The concept of S&OP or sales and operations planning is actually relatively simple to understand and for the most part, it is just common sense. However, the real issues come when trying to actually execute S&OP because of just how many people are involved.
Most companies work in segregated departments and each of these has their own specific agendas. This can make it hard for everyone to agree on and follow one set of rules over a long period of time.
Nonetheless, it can be done and by avoiding these common S&OP mistakes, you can begin to build a process that runs smoothly and follows best practices.
No executive ownership
One of the most common S&OP mistakes that businesses make is having a lack of executive leadership.

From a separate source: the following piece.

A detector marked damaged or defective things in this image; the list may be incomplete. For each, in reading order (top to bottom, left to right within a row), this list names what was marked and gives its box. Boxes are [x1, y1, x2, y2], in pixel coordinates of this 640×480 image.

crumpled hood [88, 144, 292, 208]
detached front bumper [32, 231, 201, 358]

If a leader isn’t fully engaged, then the process will not work.
If you’re worried that your executives aren’t fully engaged, ask yourself why that might be.

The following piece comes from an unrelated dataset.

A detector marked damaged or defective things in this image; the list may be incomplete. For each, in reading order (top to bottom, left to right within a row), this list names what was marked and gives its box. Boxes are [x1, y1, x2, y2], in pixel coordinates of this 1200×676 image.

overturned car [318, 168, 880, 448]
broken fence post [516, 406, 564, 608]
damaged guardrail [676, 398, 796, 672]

- Is it a lack of information?
- Do they fully understand the S&OP process?
- Are they being given the correct information to move forward?
Digestible KPIs and the ability to ask the right questions are exactly what your executive leader needs to move forward successfully.
No business wide engagement
The main problems with S&OP don’t usually stem from the process itself but the difficulties executing it. This ties in with another common mistake team leaders make, where they actual fail to communicate cross platform.
When S&OP is described as a process that involves every sector of the business, it really does mean every sector.
Sales, finance, operations – whoever you might be thinking of leaving out of the process, just don’t do it.
Another thing to consider when integrating everyone into your plan is to remember that each sector will need their information processed in a different way.
To ensure the S&OP process runs smoothly, you’ll need to relay the same information to every leader but convey it in a way each department can understand.
Too much focus on one number
In its simplest form, S&OP has always had a strong focus on one number or one end goal. However, simplifying it too much can actually be damaging to the process and is one of the most common S&OP mistakes holding businesses back.
Rather than focussing on just one number, try to give yourself a best and worst case scenario to work with, as well as one realistic option in between.
Planning for change and accepting that it will probably happen adds strength to your S&OP process, helping you to deal with unexpected change in a better way.
S&OP is a long process and one that focuses on long-term goals. Therefore, it’s easy to understand why issues that have been discussed at the beginning of your journey often get lost over time.
It’s a common mistake not to keep track of all of your meetings, conversations, and emails, as it doesn’t seem important at the time.
However, no matter how unimportant it may seem, you should ensure that you document every conversation you have about S&OP.
Online group chats, meeting minutes, recordings of telekits – every piece of information is important for a clearer and more fault free process.